Le profil des salariés pour lesquels un compte C2P a été ouvert a-t-il changé ?
I. F. : Le profil des salariés exposés en 2019 reste globalement similaire à celui de 2016 malgré la suppression de quatre risques. Dans l’ensemble, les facteurs de pénibilité les plus fréquemment déclarés en 2019 sont, comme en 2016, ceux associés aux rythmes de travail. En 2019, les hommes représentent 77 % des salariés déclarés exposés. Les risques les plus fréquents sont le travail en équipes successives alternantes (226 000 hommes) et le travail de nuit (211 000 hommes). Parmi les femmes, les facteurs de pénibilité les plus souvent rencontrés sont de loin le travail de nuit (75 000 femmes) et répétitif (43 000 femmes), puis le travail en équipes successives alternantes (35 000 femmes). Les salariés concernés sont en majorité des ouvriers, 70 % pour les hommes et 51 % pour les femmes. Le secteur de l’industrie manufacturière est celui qui comprend à la fois le plus de salariés déclarés exposés et les taux les plus élevés de personnes exposées.
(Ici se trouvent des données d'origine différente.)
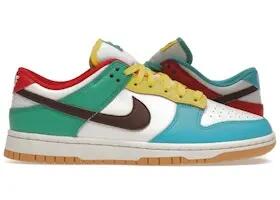 Zapatillas - Lifestyle - Dunk Low SE Free 99 - Blanco/Multicolor 3/3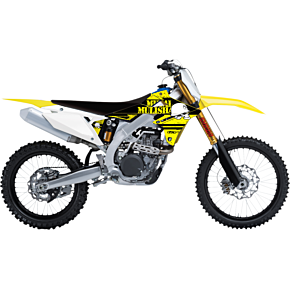 Graphic Trim Kit - Metal Mulisha - Suzuki 23-50460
Vous évoquez dans votre présentation une expérimentation menée par la caisse d'assurance retraite et de la santé au travail (Carsat) Bretagne pour promouvoir le C2P. Pour quelle raison cette action a-t-elle été mise en place ?
I. F. : Une étude a été menée par la Carsat Bretagne auprès d’assurés bretons partis en retraite en 2021. Elle a mis en lumière que, parmi les personnes pouvant transformer leurs « points C2P » en trimestre, cela ne génère pas systématiquement de droits à la retraite supplémentaires. C’est par exemple le cas des salariés qui peuvent prétendre au dispositif de retraite anticipée pour carrière longue. Ils ont déjà acquis pendant leur vie professionnelle le nombre de trimestres nécessaires pour bénéficier du dispositif, sans avoir à mobiliser les points qu’ils ont engrangés pour compenser leur exposition à la pénibilité. C’est aussi ce qu’a démontré statistiquement ma collègue Romane Beaufort : l’inutilité des trimestres acquis par le C2P dans certaines situations (voir encadré).
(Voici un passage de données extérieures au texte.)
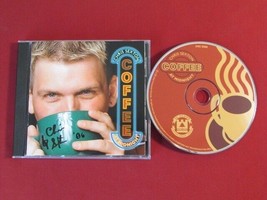 Chris Sexton Coffee At Midnight 2005 12 Trk Autographed Cd Country Bluegrass Oop - £9.33 GBP
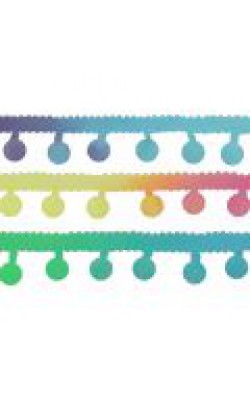 POMPOM CORRENTE 2CM 20Y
En lien avec des entreprises volontaires, la Carsat a accompagné les salariés disposant de points et âgés d’au moins 57 ans. Le dispositif est encore peu connu, et les personnes ne savent pas que les points peuvent servir pour de la formation ou une baisse du temps de travail sans perte de salaire. Dans certaines entreprises, l’organisation ne permet pas toujours d’intégrer du travail à temps partiel. En proposant une modulation du temps partiel compatible avec l’activité, cette action de la Carsat a davantage mobilisé les comptes sur la réduction du temps de travail.